Supplied data
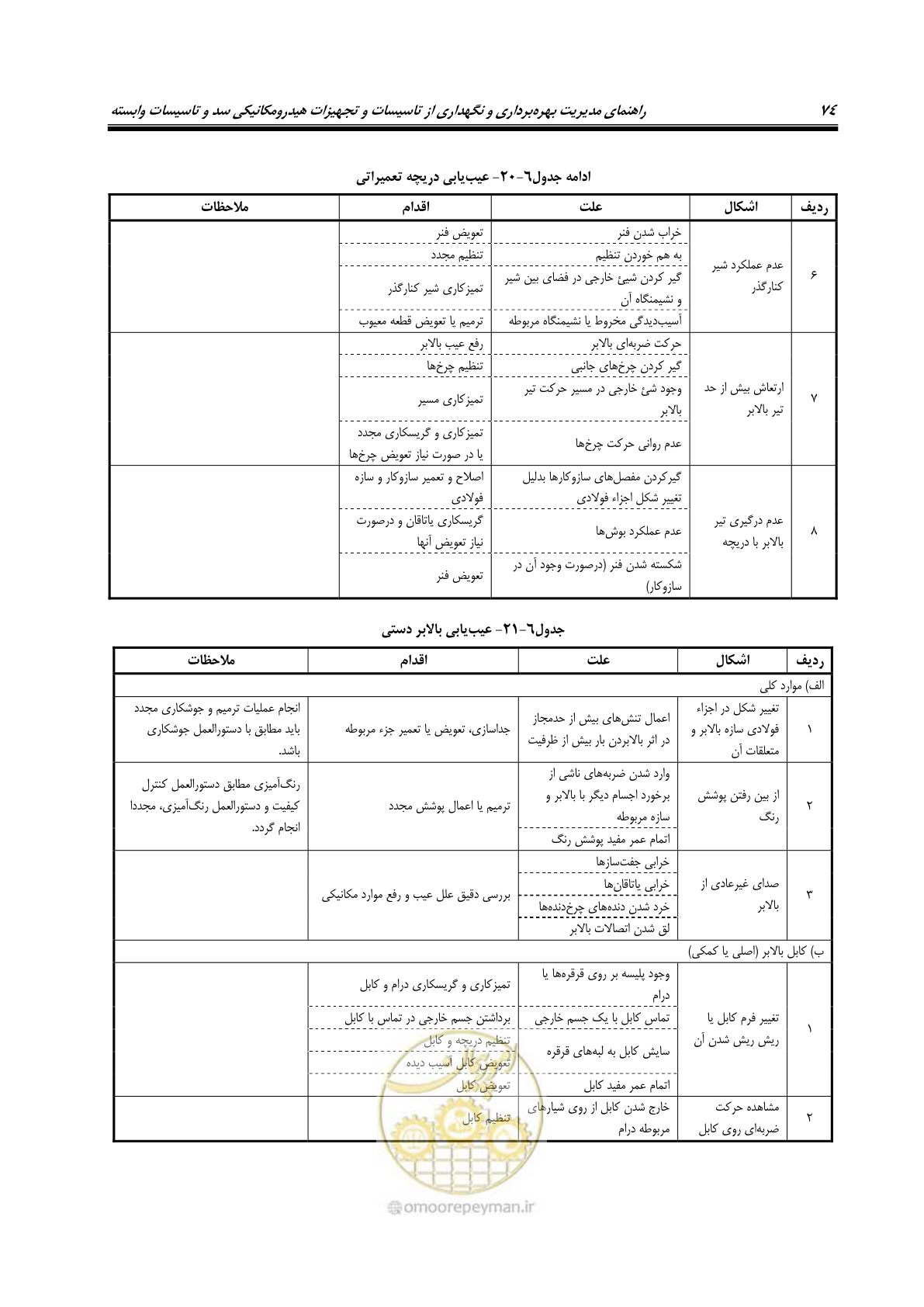 صفحه 85 از 115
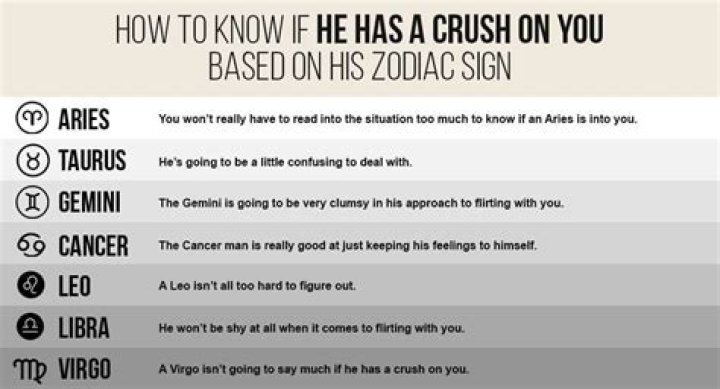 What He Says When He's Flirting, Based On His Zodiac Sign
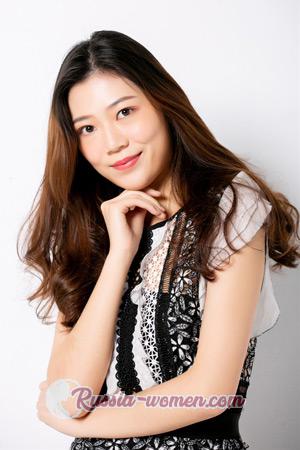 186537 - Ziqi Age: 27 - China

Instructions for the task
Omit the pictures. Repeat the rest of the data exactly.

Solved exercise
 صفحه 85 از 115
 What He Says When He's Flirting, Based On His Zodiac Sign
 186537 - Ziqi Age: 27 - China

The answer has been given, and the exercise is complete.